Die Täter, gegen die sich die jetzigen Maßnahmen in der Republik Kosovo sowie in Berlin richteten, sollen seit 2017 zumindest die Plattformen FXCMarkets, FXOptexGroup, Swissinv24, CFXPoint, IForex24, CodexFX, HBCMarket, CapitalGFX, Investment Department, Tradingmarkets24 und Brokermasters betrieben haben.

Der Tatablauf des betrügerischen „Cybertradings“ gestaltet sich in seiner Grundstruktur regelmäßig gleich. Die Täter spiegeln den potenziellen Kunden vor, digitale Plattformen für den Handel mit unterschiedlichsten Finanzinstrumenten (bis zu deren Untersagung vor allem binäre Optionen, nunmehr insbesondere CFDs, Forex, Kryptowährungen) zur Verfügung zu stellen. Eine Investition bzw. eine Platzierung von Optionen sowie ein Vorhalten von Anlegergeldern zur Rückzahlung bzw. zur Gewinnausschüttung finden in Wahrheit nicht statt. Die eingezahlten Gelder werden zu keinem Zeitpunkt einer Kapitalanlage zugeführt, die für den Kunden sichtbare Handelsplattform ist ebenso wie das angebliche Kundenkonto eine reine Täuschung. In einer Vielzahl von Fällen kommt es nach einzelnen missglückten angeblichen Trades zu einem Totalverlust des eingesetzten Kapitals.

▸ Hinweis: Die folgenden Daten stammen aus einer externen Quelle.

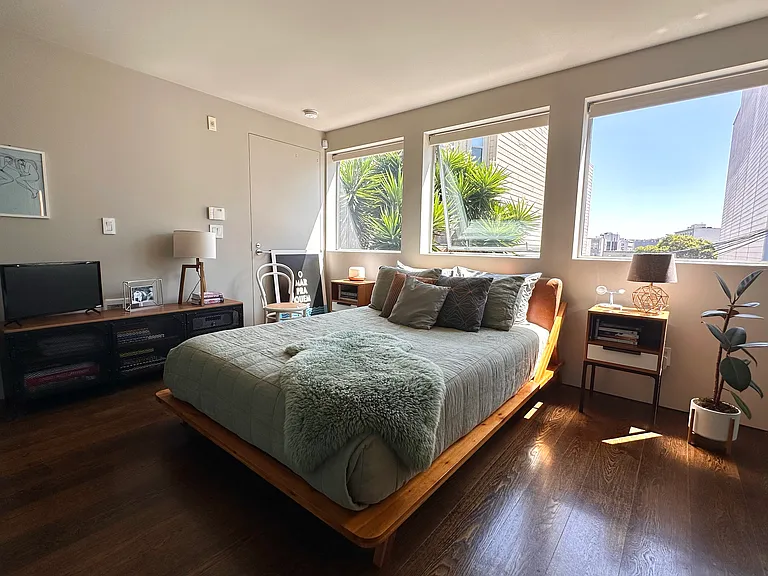 1029 Natoma St #2 — Photo 8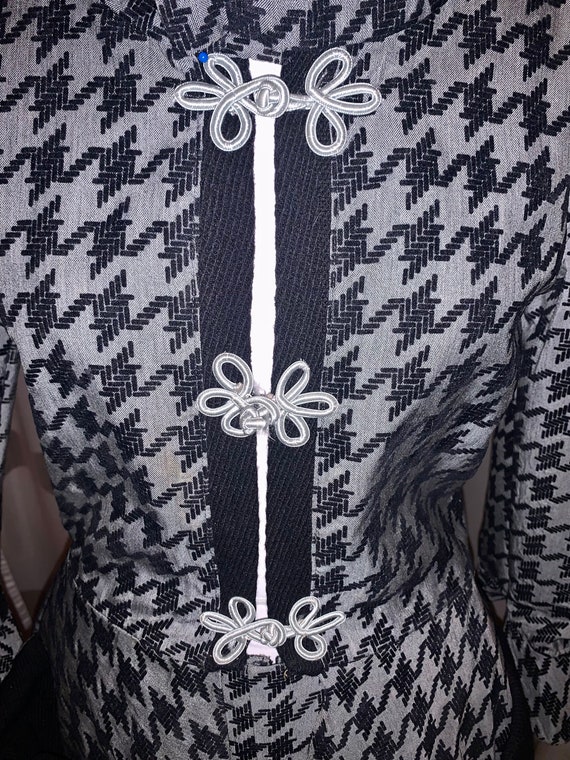 Houndstooth pattern pant suit - image 9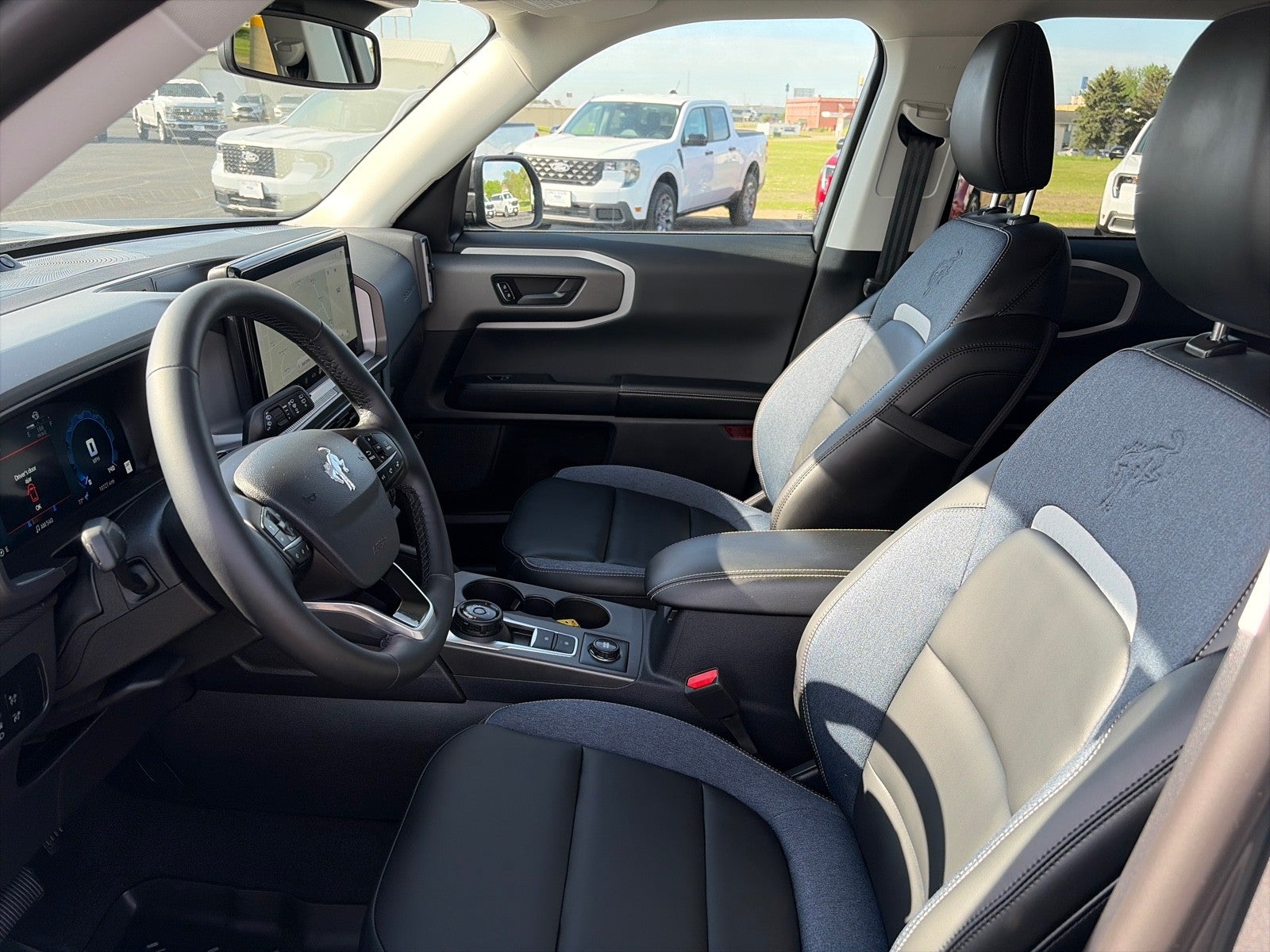 2025 Ford Bronco Sport OUTER BANKS AWD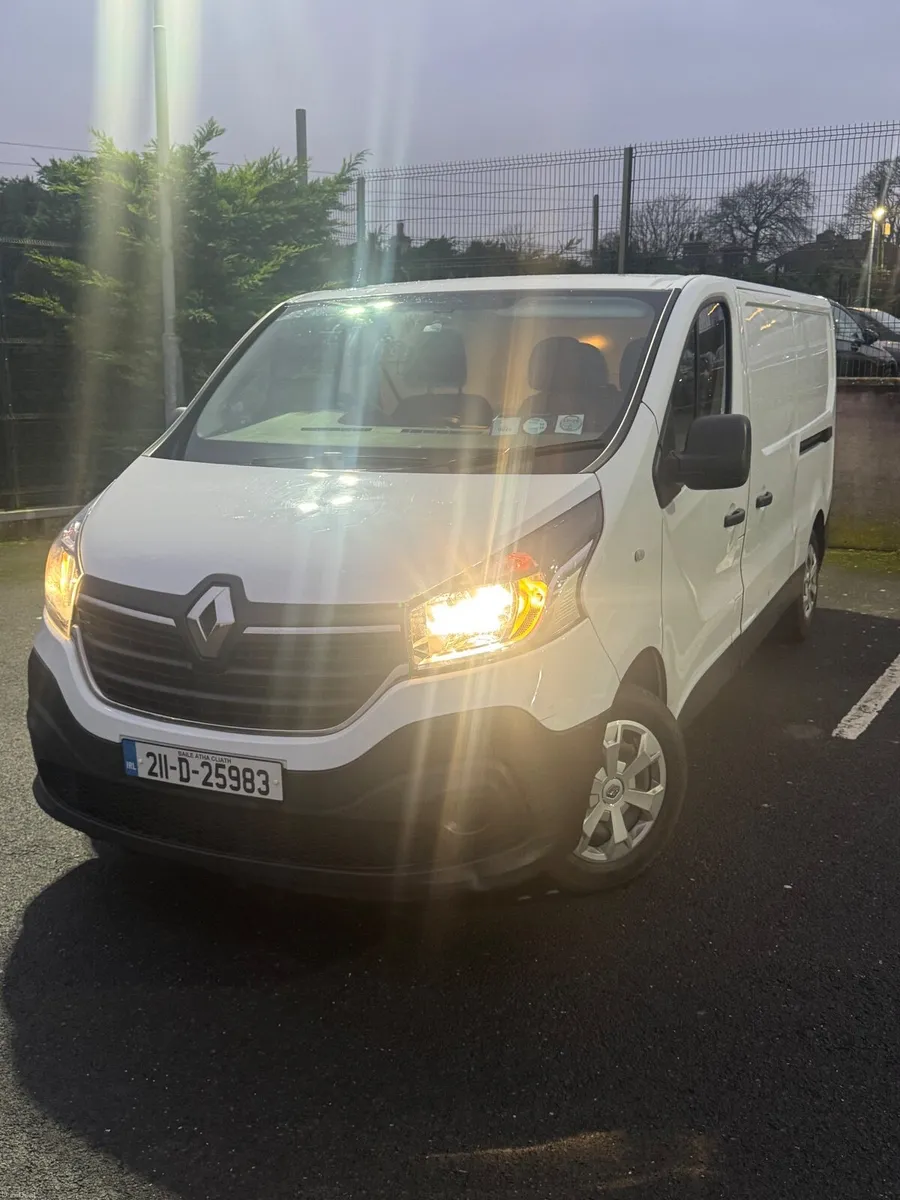 Renault traffic - Image 1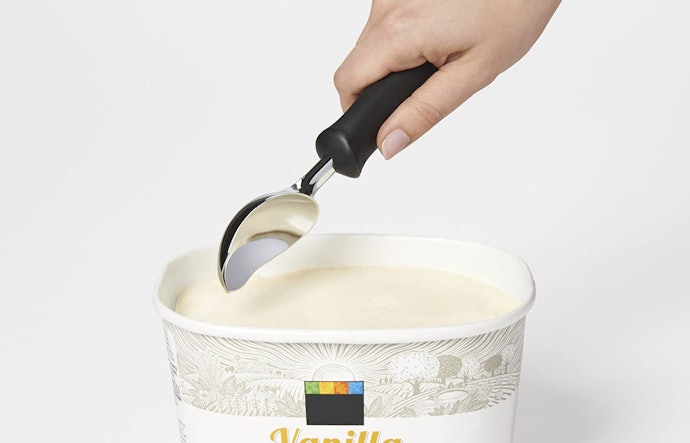 Scoopers With a Handle Grip Are More Comfortable and Easier to Use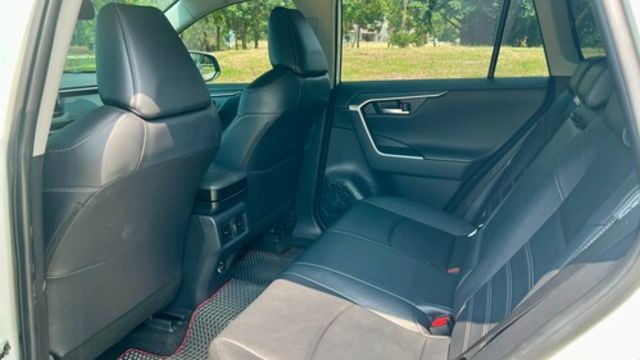 TOYOTA豐田 RAV4  第5張相片
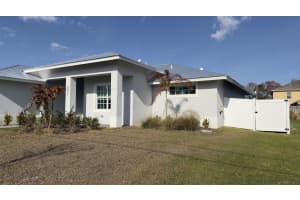 5271 Mayfield Lane, Port Saint Lucie, FL 34983 - MLS#R11167896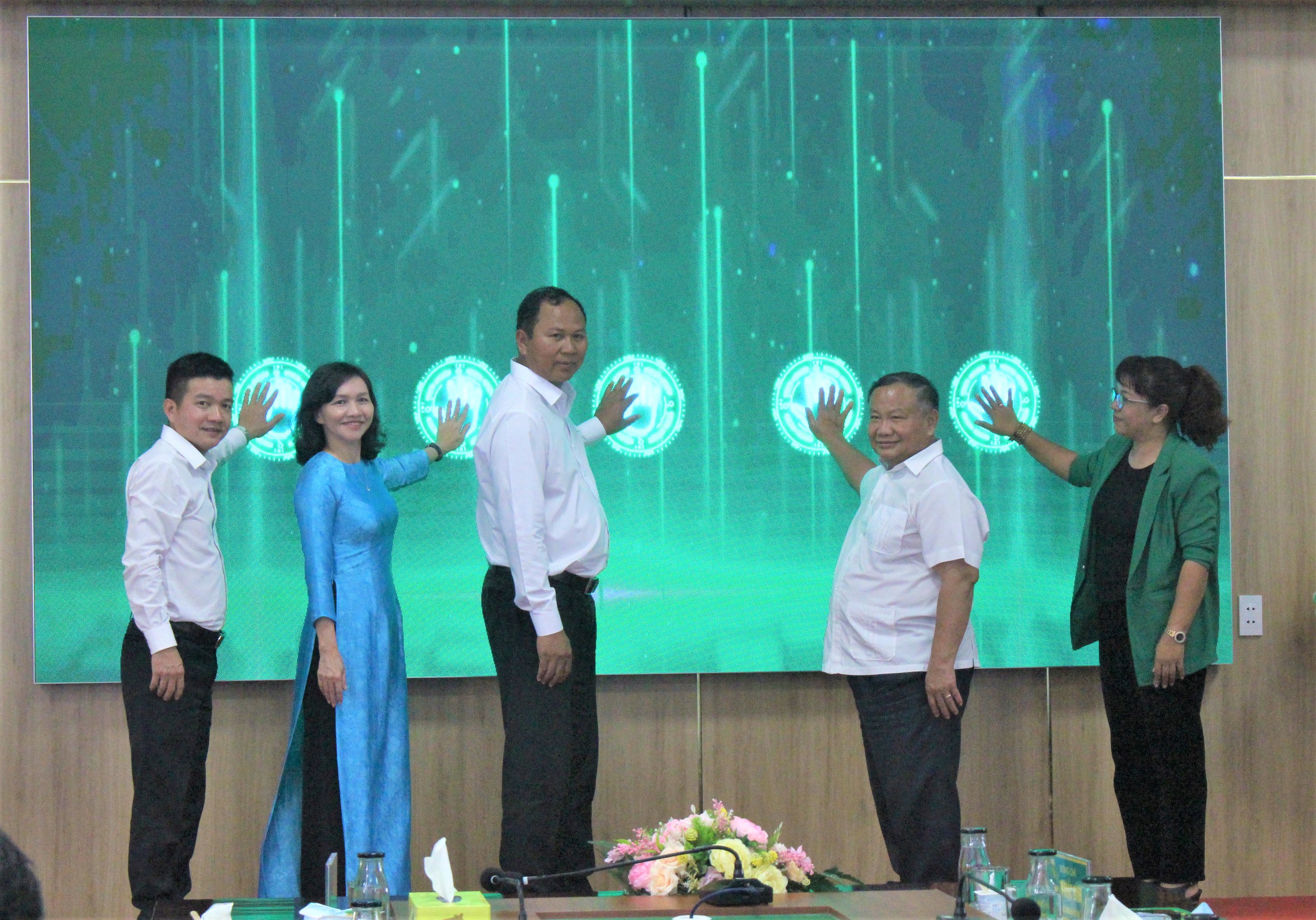 Nông dân Đắk Lắk thi đua sôi nổi, khơi dậy tinh thần sáng tạo trong nông nghiệp - Ảnh 6.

Von dem Deliktsphänomen, das der internationalen organisierten Cyber-Kriminalität zuzurechnen ist, sind allein in Deutschland mehrere tausend Anleger betroffen. In zahlreichen anderen europäischen Ländern finden sich unzählige weitere Geschädigte. Das Dunkelfeld ist beträchtlich, da vielen Anlegern das hohe Verlustrisiko der gewählten Investmentart bekannt ist und sie irrtümlich davon ausgehen, dass sich eben dieses Risiko verwirklicht hat.

Internationale Zusammenarbeit unter Beteiligung des Bundeskriminalamts sowie des Center for International Legal Cooperation

Der Erfolg des Action Days in der Republik Kosovo ist maßgeblich auf die intensive und vertrauensvolle Zusammenarbeit mit den kosovarischen Ermittlungsbehörden (“Special Prosecution Office of Kosovo” in Pristina) zurückzuführen. Wichtige Unterstützung erhielten die Bamberger und kosovarischen Staatsanwälte sowie die Ermittler aus Neu-Ulm und Pristina zudem vom Bundeskriminalamt in Wiesbaden sowie über das IPA 2019 Projekt „Countering Serious Crime in the Western Balkans“. Die bayerischen Ermittler bedanken sich bei ihren kosovarischen Partnern für die vertrauensvolle und professionelle Zusammenarbeit und die Möglichkeit, an den Maßnahmen vor Ort, teilnehmen zu dürfen. Die guten Beziehungen der Zentralstelle Cybercrime Bayern und der beteiligten Polizeidienststellen zu ihren europäischen Partnern haben sich einmal mehr als außerordentlich wertvoll erwiesen. Kriminalität macht vor Grenzen keinen Halt – eine effektive Strafverfolgung setzt deshalb auch grenzüberschreitende Zusammenarbeit voraus.

Die komplexen und aufwändigen Ermittlungen der Zentralstelle Cybercrime Bayern und der Kriminalpolizeiinspektion Neu-Ulm dauern an. Weitere Einzelheiten zum Stand des Verfahrens können, um die fortdauernden europaweiten Ermittlungen nicht zu gefährden, derzeit nicht bekannt gegeben werden.